As soon as Lois falls asleep, Superman shows up to check on the box.

Okay, am I the only one who has a problem with Superman flying into a sleeping woman's bedroom in the middle of night? Why do I feel like this isn't the first time he's done this? Lucky for Lois she favors modest nightwear. If she wore a teddy to bed, Supes would bring along half the Justice League to spy on her.

Chatting with the mystery box as Lois lies deep in her drug-induced slumber, Superman lets us readers in on the big secret.

Superman tells his Kandorian pal Ber-Tal to keep up the good work: "When she wakes up, promise her anything if she'll open the box!" Way to play dirty, pal. For a half-second his conscience kicks in as he notes "If Lois finally releases you, she will never forgive me..." No kidding; I imagine any gal would have a hard time forgiving you for smuggling a strange man into her apartment who can watch everything she does with x-ray vision. Broads can be funny that way.

At dawn, Lois wakes to find her bed levitating off the floor, because the box is lifting it. "If you free me," says the voice inside, "I'll reward you beyond your wildest dreams!" Lois is steadfast in her resolve, grabbing her ear plugs to block the voice's pleas. The box knocks the plugs out of her hands and keeps harassing her.

A bit of a break comes when Lana Lang arrives for lunch and greets Lois in her own sweet way.

Wow, sweet little Lana of Smallville grew up to be Alexis Carrington, didn't she? What kind of shrew shows up to bum lunch off a friend and says hello with an insult? And just to be extra rude, she brings a pet along unannounced. If you ask me, Superman should save a little of his bad attitude for the redhead in his life.

At exactly three o'clock, Superman flies in through the kitchen window (in a neat touch, Curt Swan draws Lana primping her hair at the sight of him). Lois tells him he can find his box in the living room, unopened. Instead, he finds it ripped to shreds and assumes she's failed the test (Lana is shown smirking).
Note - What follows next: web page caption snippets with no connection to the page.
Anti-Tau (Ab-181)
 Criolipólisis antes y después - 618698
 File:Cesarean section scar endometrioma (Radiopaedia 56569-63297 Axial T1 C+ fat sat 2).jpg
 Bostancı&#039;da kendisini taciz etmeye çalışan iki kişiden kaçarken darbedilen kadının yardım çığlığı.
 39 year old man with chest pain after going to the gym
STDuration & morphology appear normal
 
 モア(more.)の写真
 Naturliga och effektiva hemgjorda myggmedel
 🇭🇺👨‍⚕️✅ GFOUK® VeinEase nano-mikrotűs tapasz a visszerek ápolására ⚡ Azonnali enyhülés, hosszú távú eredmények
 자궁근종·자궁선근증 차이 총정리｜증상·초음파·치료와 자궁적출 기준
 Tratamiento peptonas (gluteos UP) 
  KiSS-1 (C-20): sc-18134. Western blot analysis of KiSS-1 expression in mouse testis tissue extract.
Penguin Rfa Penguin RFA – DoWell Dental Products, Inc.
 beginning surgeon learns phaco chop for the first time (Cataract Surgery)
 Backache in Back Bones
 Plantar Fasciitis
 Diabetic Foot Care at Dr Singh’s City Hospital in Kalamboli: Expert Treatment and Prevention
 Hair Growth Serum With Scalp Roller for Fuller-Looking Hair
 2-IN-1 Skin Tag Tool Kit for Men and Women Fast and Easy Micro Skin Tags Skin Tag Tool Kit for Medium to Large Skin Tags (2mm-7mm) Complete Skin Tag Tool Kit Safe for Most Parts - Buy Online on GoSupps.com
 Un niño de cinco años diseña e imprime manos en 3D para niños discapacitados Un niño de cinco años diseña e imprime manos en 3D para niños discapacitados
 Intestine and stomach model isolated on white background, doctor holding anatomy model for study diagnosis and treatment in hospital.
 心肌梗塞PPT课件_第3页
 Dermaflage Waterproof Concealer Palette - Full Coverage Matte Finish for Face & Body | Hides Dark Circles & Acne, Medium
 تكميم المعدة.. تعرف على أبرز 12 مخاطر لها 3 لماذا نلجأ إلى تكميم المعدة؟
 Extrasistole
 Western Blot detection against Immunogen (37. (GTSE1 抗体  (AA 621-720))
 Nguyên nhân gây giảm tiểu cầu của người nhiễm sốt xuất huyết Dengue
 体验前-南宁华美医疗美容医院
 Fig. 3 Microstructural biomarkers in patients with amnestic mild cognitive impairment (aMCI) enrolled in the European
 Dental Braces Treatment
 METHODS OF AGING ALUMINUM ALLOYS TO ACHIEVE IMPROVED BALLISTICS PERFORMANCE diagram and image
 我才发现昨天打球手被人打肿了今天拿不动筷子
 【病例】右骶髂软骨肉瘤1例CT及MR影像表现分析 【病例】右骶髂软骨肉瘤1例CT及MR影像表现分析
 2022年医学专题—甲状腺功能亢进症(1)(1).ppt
Ber-Tal clears things up by producing the real culprit: Lana's cat, who smelled the Kandorian inside the box and ripped it open to get to him. Superman apologizes to Lois (though not too heartily) and rewards Lois with the box she initially saw him giving to Perry White.

Haw, haw.

You know, it occurs to me that for a site with "fan" in the title an uncomfortable percentage of my reviews end up feeling like they should be on the Superdickery site, but what's a guy to do? Superman is a real jerk in this story, right down to that last twist of the knife. In fact, just about everyone in this story is hateful to Lois in some way or other, which is almost enough to make me feel sorry for her.

We're left to imagine Ber-Tal's reaction was when he learned the nature of the "special mission" he'd volunteered for. Surely even in Kandor people have lives to lead, and more important things to do with their time than play pranks on Superman's friends. How would Superman even approach the issue? If he just says "I need a volunteer," he risks being yelled at when the volunteer realizes what a stupid mission it is, but if he says up front "I need someone to hang out in Lois Lane's apartment all night...and you'll have x-ray vision", then it's a given most of the applicants will be perverts. The least he could have done was ask for a female volunteer.

I'm still not even sure what kind of "lesson" he's trying to teach. Come on, it's a floating, talking box that begs you to open it in exchange for anything you desire! Opening it wouldn't make you a snoop; on the contrary, not opening it would demonstrate some kind of superhuman restraint. Superman stacks the deck against Lois, and when he loses his bet anyway he can't resist getting in one last dig. Jerk.

Anyway, if Lois clears herself for now on "snoop" charges, she does reveal herself as something of a narcissist. I mean, how many people know exactly how many days it is til their birthday, if it's more than a month?

This one marks the second time in one week I guessed the wrong writer for a story. With the ham-handed (and largely failed) attempts at humor, I guessed this was a Jerry Siegel job, but it turns out the writer was Leo Dorfman.

At least I was curious enough to look it up.